Gem sapphires and zircons in a basalt diatreme, northeastern Tasmania

Bottrill, Ralph1, Everard, John1, Duncan, David4, Sutherland, Lin5, Meffre, Sebastien2 and Matchan, Erin3

1Geological Survey, Mineral Resources Tasmania, Rosny Park, Australia; 2School of Earth Sciences, University of Tasmania, Hobart, Tasmania, Australia; 3School of Earth Sciences, University of Melbourne, Parkville, VIC; 4Kingston, Tasmania; 5Australian Museum, Sydney, NSW

Many notable occurrences of gem sapphire are known in Tasmania, mostly in the extensive alluvial tin-bearing deposits in the northeast (Yim et al., 1985, McGee, 2005, Sutherland & Webb, 2007, Bottrill & Baker, 2008 ). The alluvial sapphires are typically associated with coarse-grained , ferroan (pleonaste) spinel and zircons, but except for the spinel, these are rarely seen within any host rock, although a basaltic source is commonly suspected (Sutherland & Webb, 2007).

Source rocks for these sapphires have recently been determined at a site on Logans Road in the Priory sapphire field, east of St Helens, where a small diatreme or breccia pipe has been emplaced within Devonian granite. The diatreme consists mainly of basanite clasts containing abundant, partly disaggregated, spinel lherzolite xenoliths, but also contains altered granite xenoliths within the diatreme. This area is undisturbed by tin mining.

Nearby, sapphires occur as  detrital grains in the surrounding headwater drainage together with   pleonaste spinel, zircon, pyroxenes and olivine, which mostly appear to derive from the diatreme. The mineral grain shapes are rather irregular and angular with little or no transport abrasion and thus obviously adjacent to source. The creeks also contain variably weathered basanite boulders and pebbles, with soft brown weathered surfaces revealing many emergent mineral grains.  A single subrounded/subangular blue to grey sapphire, 7 mm across with a distinct parting with a distinct parting, was found partly exposed in an a weathered, inclusion-rich pebble by a prospector, Michael Lloyd (Duncan & Lloyd, 2013). It was confirmed with gemmological tests, indicating at least some of the Tasmanian sapphires have a basaltic source.

Fresh volcanic glass from the basanite diatreme was separated and dated using Ar/Ar multi-collector mass spectrometry to reveal a 42.0 (± 0.1) – 47.2 (± 0.1) Ma (2σ) age for this basanite diatreme.

Coarse red-brown gemmy zircons are present with the alluvial sapphires, although they were not identified within the basanite itself, and these were dated by the U-Pb method using laser ablation inductively coupled mass spectrometry  (LA-ICPMS). Two populations were found, one  between ~42-44 (± 4) Ma and one between 233-247  (± 4) Ma.

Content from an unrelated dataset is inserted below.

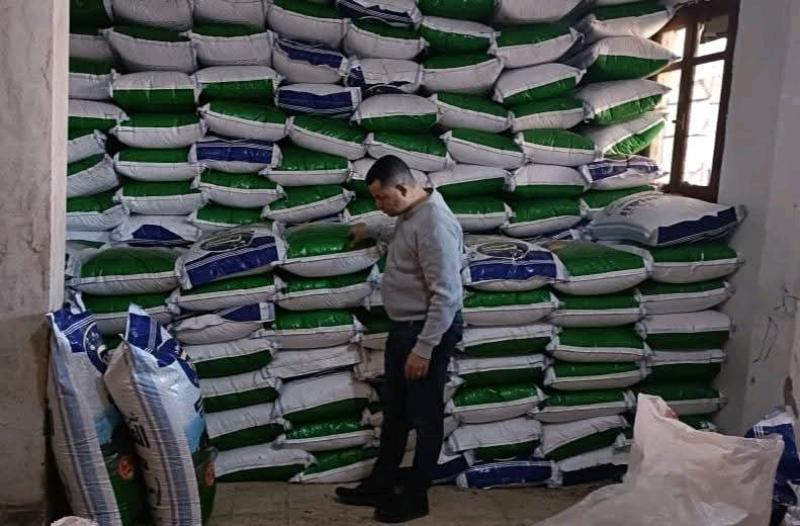 تموين سوهاج ضبط كميات سولار وبنزين 92 واعلاف مجهولة المصدر قبل بيعها بالسوق السوداء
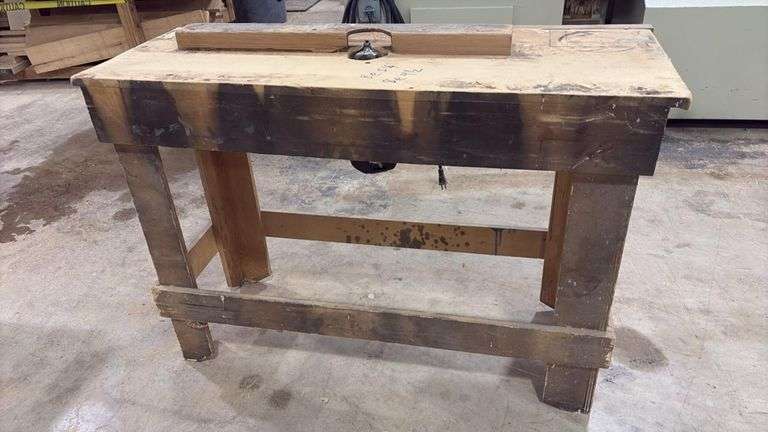 Porter-Cable Router Mounted under Wood Table,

The younger zircon date probably records partial resetting by the basanite host, as it closely matches its Ar/Ar date ; the older date probably records an unknown, underlying Triassic intrusive source.  

There is a 233 ± 5 Ma (K/Ar) alkali basalt flow near St Marys (Calver & Castleden, 1981) and a 214 ± 1 Ma (K/Ar) age from “felsic tuff” near Bicheno (Bacon & Green, 1984). Rhyolite clasts occur in the upper Triassic near St Marys, and may have a proximal source (Forsyth, 1989). No in situ Triassic felsic lavas or intrusives have been found in Tasmania, however.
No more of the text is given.